Subject: Re: [OM] Visited Macau
From: Chuck Norcutt <chucknorcutt@xxxxxxxxxxxxxxxx>
Date: Sun, 15 Aug 2010 07:54:02 -0400
I know little about this either but I do know that, when using a 90mm 
lens on a 6x17 camera (86 degrees horizontal coverage) it is customary 
to use a "center filter".  These are very expensive gradient ND filters 
designed to compensate for the vignetting of such a wide angle lens.  As 
it turns out the angle of coverage of a 72mm lens on a 4x5 camera is 
very close to this at 83 degrees.  So I'm fully prepared to believe that 
this lens causes vignetting but I was surprised to see it only in the 
upper right hand corner.  It seems there must be some non-symmetrical 
tilting or shifting going on.

Chuck Norcutt


Moose wrote:
> On 8/14/2010 7:43 PM, Michael Wong wrote:
>> I think you point to picture "XL72F56_065". The picture was shot by
>> Super Angulon 72mm XL with UV filter&  minor shifting. I noticed
>> the vignetting but I'm not sure the cause from UV filter or
>> shifting.
> 
> I know veerrry little about working with shifts and tilts. I do know
> some other stuff. :-)
> 
> I don't think this is lens or filter vignetting. It manifests only on
> one long size, and is linear from top to bottom, not circular. Here's
> a version with brightness adjusted by a linear gradient. 

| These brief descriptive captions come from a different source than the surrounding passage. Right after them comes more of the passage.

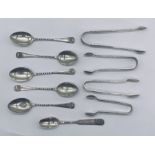 A collection of hallmarked silver coffee spoons, sugar tongs etc, total weight 119.2g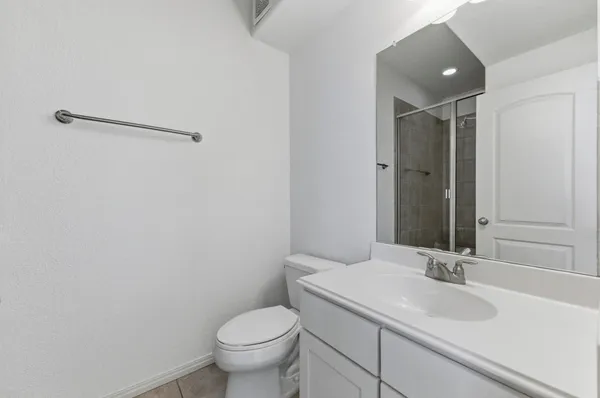 a bathroom with a sink and a toilet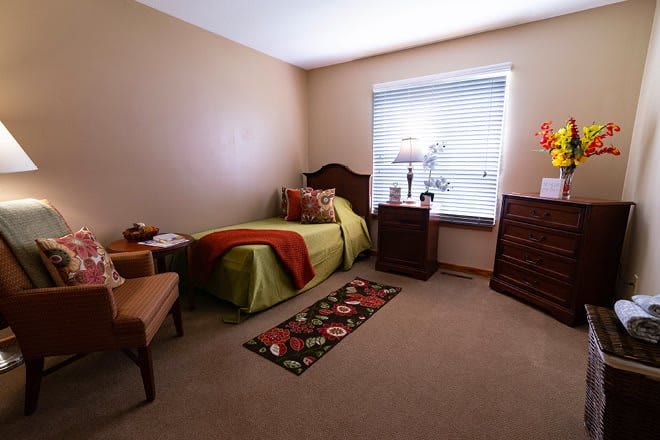 A cozy bedroom with a single bed, window, and wooden furniture.
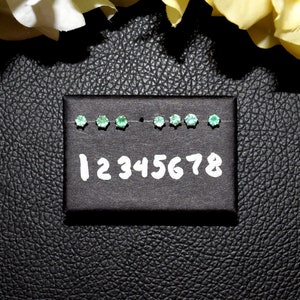 Puede incluir: Una tarjeta negra con ocho espacios numerados, cada uno con una pequeña piedra preciosa verde. La tarjeta está etiquetada con los números del 1 al 8.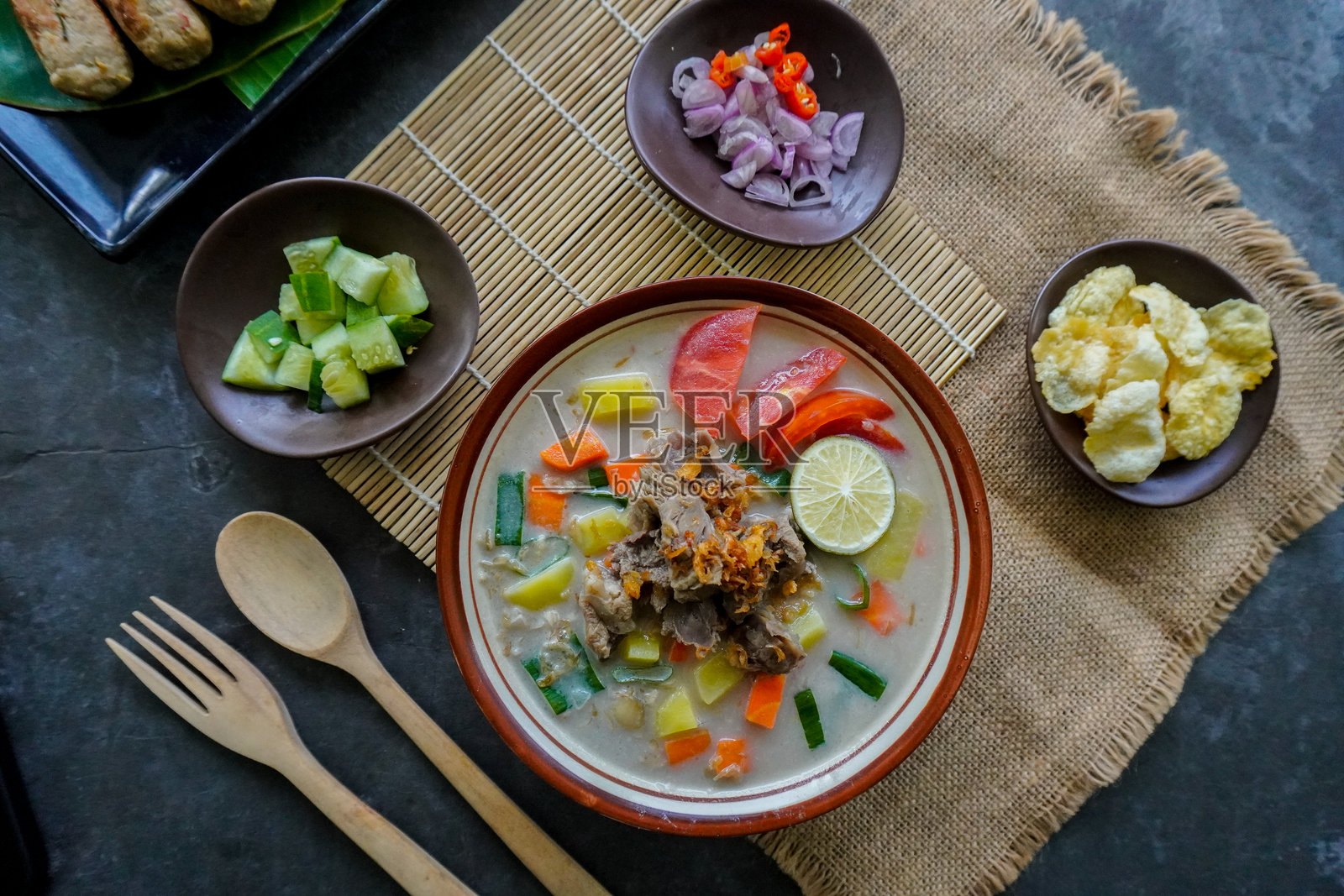 巴塔维汤是来自雅加达的传统美食，由椰奶和牛奶酱、肉类、内脏、胡萝卜、土豆、青柠和香料混合而成。照片摄影图片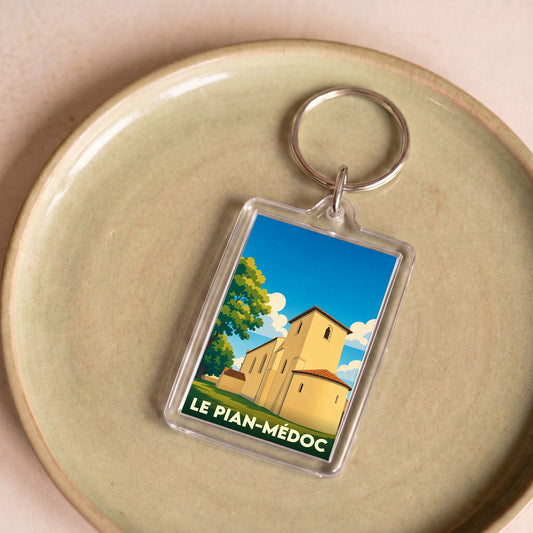 Porte-clés souvenir de la ville de Le Pian-Médoc avec une illustration stylisée de son église.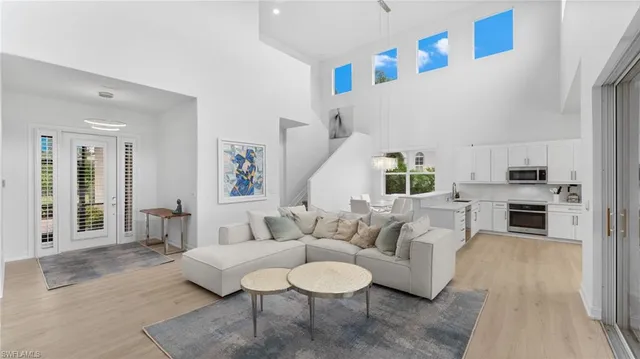 a view of a dining room with furniture and a chandelier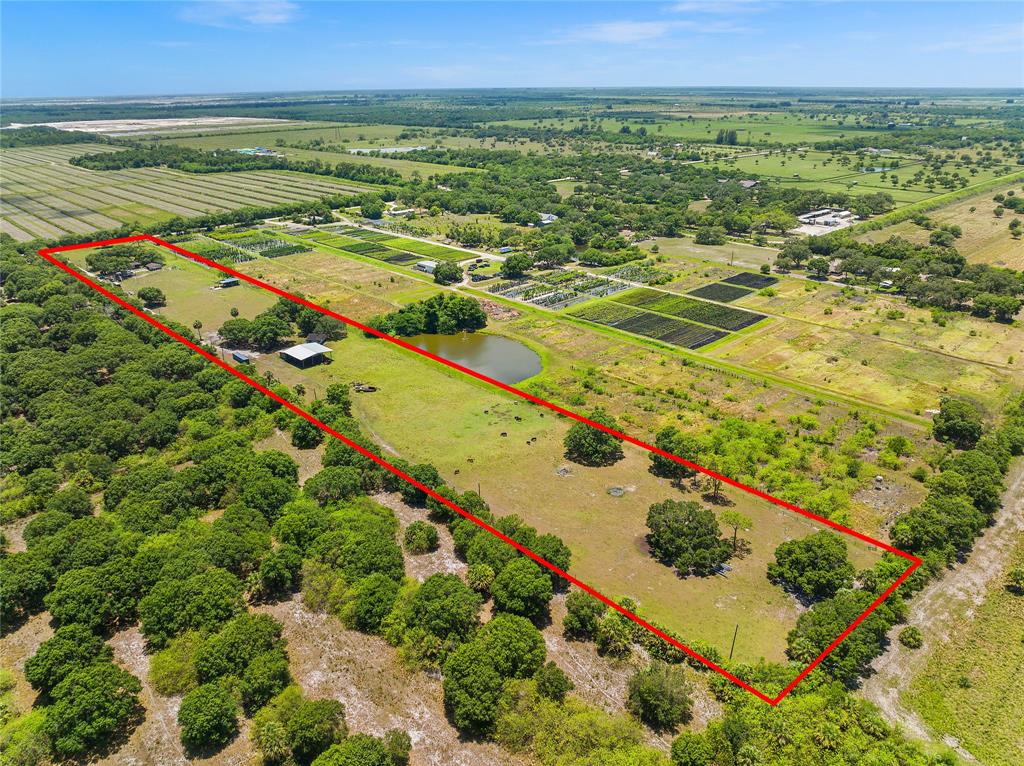 10100 West Midway Road Fort Pierce, FL 34945 - Photo 15 of 15 a view of an outdoor space and a lake view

> <http://www.moosemystic.net/Gallery/Others/MWong/XL72F56_065.htm>
> 
> I'm not trying to make a "better" image, only to show how even the
> effect is from side to side and how linear from top to bottom. Even
> if lens vignetting were asymmetric to the image due to shifting, it
> would show a circular pattern, darker near the corners. Also, look at
> the top part of the central building. It's distinctly darker than the
> bottom in the original.
> 
> The thing that comes to mind is the effect of perspective correction.
> The verticals are quite, well, vertical. So some adjustment of lens
> relationship to film plane has been made to correct for perspective
> distortion. That means the top of the image has been expanded
> relative to the bottom on the film (or the reverse). That means less
> brightness the farther one goes from one end to the other along the
> axis of correction.
> 
> Whether the inverse square law here is enough to cause such a great
> difference in exposure, I have no idea. Certainly I've never read of
> such an effect, but I don't read about LF, shifts and tilts.